Im Café und Bistro „Mezzo“ am Raschplatz-Pavillon bleibt Inhaberin Lilli Fink gelassen. „Für unsere Außenterrasse zur Straße habe ich ohnehin seit Jahren eine Ausnahmegenehmigung“, sagt sie. Dort könne sie bis Mitternacht ausschenken, weil kein unmittelbares Wohnumfeld betroffen sei. Anders die Holzterrasse auf der anderen Seite des Cafés nahe der Wohnhäuser. „Hier machen wir um 22 Uhr dicht“, sagt Fink. Sie könne verstehen, dass Anwohner ihre Ruhe haben wollen.

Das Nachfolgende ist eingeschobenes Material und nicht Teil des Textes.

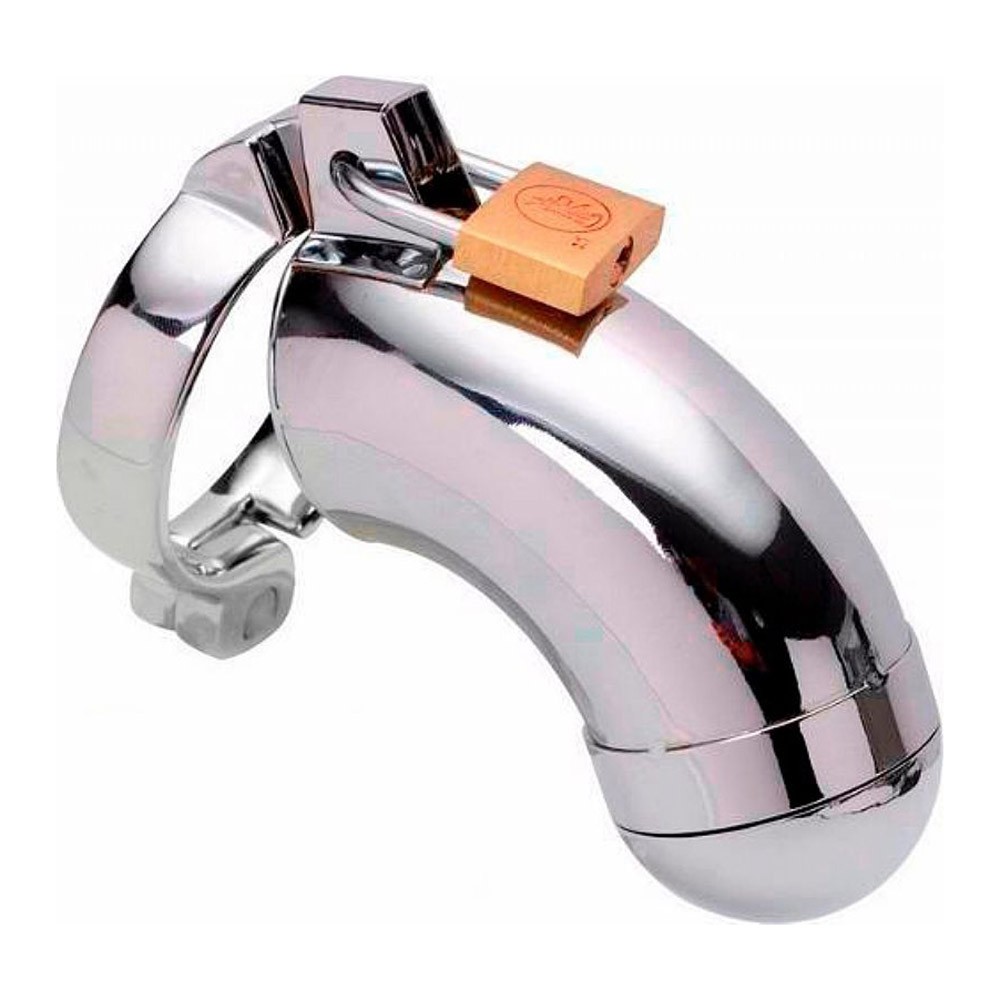 Cinto de castidade masculino de metal prata com cadeado, vista frontal inferior, detalhe do brilho do metal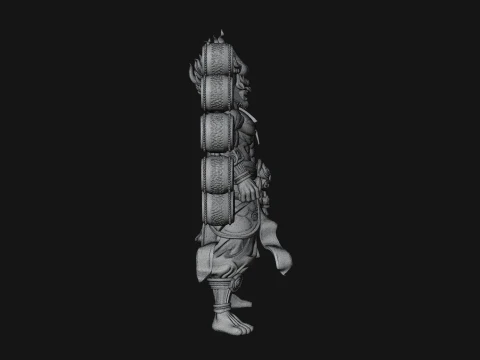 Thunder Drum God Statue Design 2 - 3D Print Model 3D Print Model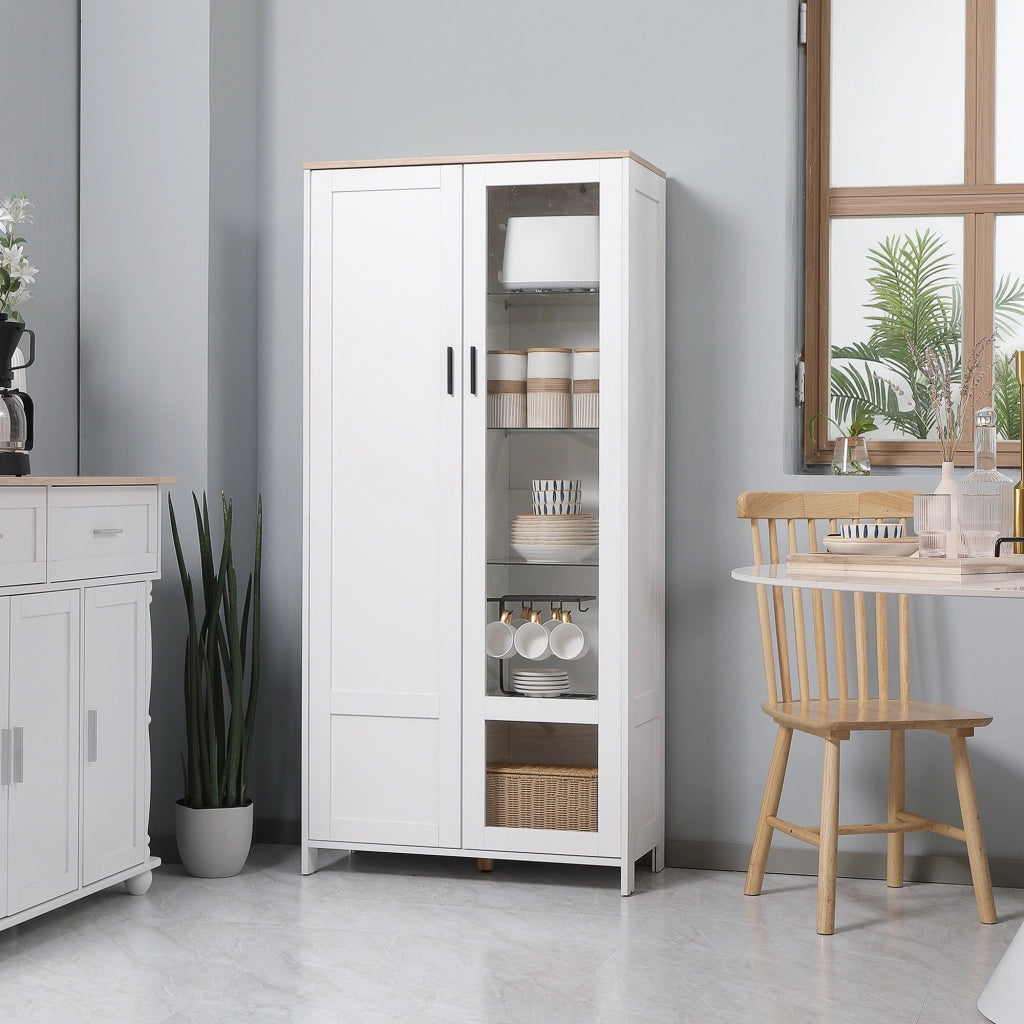 EasyComfort Credenza Moderna a 2 Ante con Mensole Regolabili in Legno e Vetro, 76x36x160cm, Bianco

Björn Hensoldt betreibt mit seiner Firma Gastro Trends mehrere Gastronomien in Hannover, unter anderem das „Reimanns Eck“ am Weißekreuzplatz. Rund um den Platz befinden sich Wohnhäuser. „Ich würde mich über mehr Flexibilität freuen, um dann zusammen mit meinen Nachbarn individuelle Lösungen zu finden“, sagt Hensoldt. Im Grunde gehe es auch vornehmlich um den Freitag- und Samstagabend.
Heiko Heybey, Betreiber des Restaurants „Spandau“ in der Nordstadt, setzt ebenfalls auf nachbarschaftliche Verständigung. „Es wäre schon zeitgemäß, wenn wir bis 23 Uhr ausschenken dürften“, findet er. Sein Vorschlag: Die strengen Lärmgrenzen ab 22 Uhr sollten weiter berücksichtigt werden, aber die Gäste sollten dann nicht gleich von der Terrasse verschwinden müssen.
Für eine Verschiebung der Nachtruhe und damit auch der strengeren Lärmgrenzen, bräuchte es eine bundesgesetzliche Änderung. Darauf weist Rechtsanwalt Eckhard David hin, der sich beruflich mehrmals mit Lärmklagen beschäftigt hat. „Grundsätzlich gilt: Außengastronomien mit Kommunikationsgeräuschen sind ab 22 Uhr unzulässig“, sagt er. Ein Verschieben der Ausschankzeiten, wie es die Ratsmehrheit jetzt fordere, habe mit der Realität wenig zu tun.